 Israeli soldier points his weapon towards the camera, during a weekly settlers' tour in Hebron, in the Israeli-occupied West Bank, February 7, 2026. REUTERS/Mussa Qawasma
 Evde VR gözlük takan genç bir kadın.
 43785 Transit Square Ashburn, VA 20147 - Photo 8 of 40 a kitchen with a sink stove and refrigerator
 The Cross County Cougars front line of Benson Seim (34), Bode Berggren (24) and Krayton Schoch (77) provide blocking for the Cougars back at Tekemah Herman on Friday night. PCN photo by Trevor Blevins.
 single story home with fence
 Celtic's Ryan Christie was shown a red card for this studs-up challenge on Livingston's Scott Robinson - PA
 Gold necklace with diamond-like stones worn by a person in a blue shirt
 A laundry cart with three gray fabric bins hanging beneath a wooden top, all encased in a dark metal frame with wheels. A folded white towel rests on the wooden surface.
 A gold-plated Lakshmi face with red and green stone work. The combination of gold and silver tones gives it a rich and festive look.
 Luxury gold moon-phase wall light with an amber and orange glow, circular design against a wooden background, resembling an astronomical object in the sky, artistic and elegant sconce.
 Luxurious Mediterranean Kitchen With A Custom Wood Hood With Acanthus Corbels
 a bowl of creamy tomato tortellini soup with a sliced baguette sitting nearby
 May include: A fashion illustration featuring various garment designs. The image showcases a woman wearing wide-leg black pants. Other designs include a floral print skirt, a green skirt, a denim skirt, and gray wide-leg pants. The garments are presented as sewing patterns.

What you have to do:
Check the listing for the word "wooden". Show each line that has it.

Answer section:
 A laundry cart with three gray fabric bins hanging beneath a wooden top, all encased in a dark metal frame with wheels. A folded white towel rests on the wooden surface.
 Luxury gold moon-phase wall light with an amber and orange glow, circular design against a wooden background, resembling an astronomical object in the sky, artistic and elegant sconce.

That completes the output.